> It would take a paltry amount of money, in the low millions of dollars, to des...

zackmorris · on Jan 2, 2021

Ya I hear you, I started with C++ and dabbled in 68000 assembly back in the early 90s. The biggest problems back then was the main loop and that a program could only get to a million lines before it was too unstable and crashed. Even just the protected memory of Java, or protected memory in general, felt like a distant dream.

Now we have event-based apps but we're also stuck in the purgatory of async hell. Hundreds of classes got replaced with hundreds of factories and having to endlessly learn DSLs. Compilers mutated into handwritten unit tests.

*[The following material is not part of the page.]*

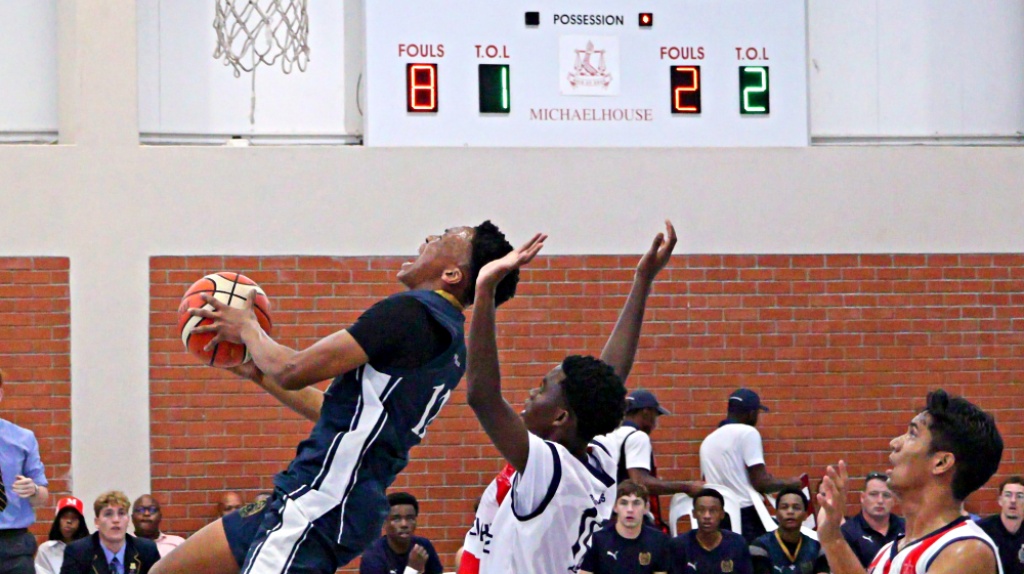 Nkosinathi Mbele drive towards the hoop in Saints' narrow 67-66 victory over Michaelhouse in Balgowan.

I feel a heaviness in my chest just writing this, because one thought leads to another and it's hard to articulate the root of the discontent. I still believe that the web way is better than bare metal, but I'm saddened to see it reinventing the bad habits that we abandoned 25 years ago.

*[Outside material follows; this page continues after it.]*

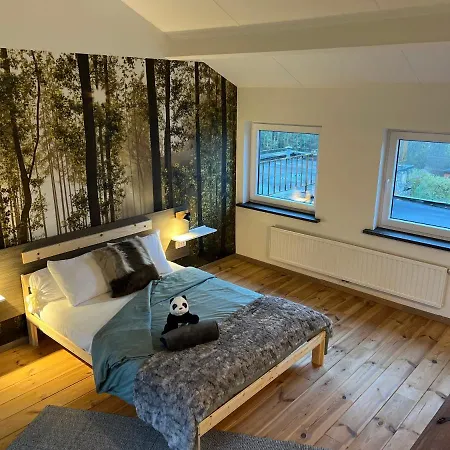 L'attente Detente A 200 M Du Parc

For me, what's really going on is that computers have not gotten appreciably faster since about the time that PowerPC iMacs were running OS X, roughly the year 2000. Before that, computers were getting 100 times faster every decade, and then it just kinda.. stopped. Only video games kept going, the only tradeoff being that we have to use someone else's 3D library rather than just writing ray tracers in a few pages of code (if only we had general-purpose multicore chips).

And that made programmers desperate, because they were still focusing on performance instead of stepping back and seeing the high-level abstractions that were largely understood by the 1980s. Everyone is so used to being compute-bound that we can't even think about solutions outside of that reality.

My "idea" to fix all this, bluntly, is to forget about improving single-threaded performance and start giving people the raw computing power they need to get back to work again. To keep up with Moore's Law, that's a computer with 10,000 parallel threads running at least 1 GHz, for $1000. Or 100 times the cores every decade. My initial mention of 1000 cores was perhaps conservative.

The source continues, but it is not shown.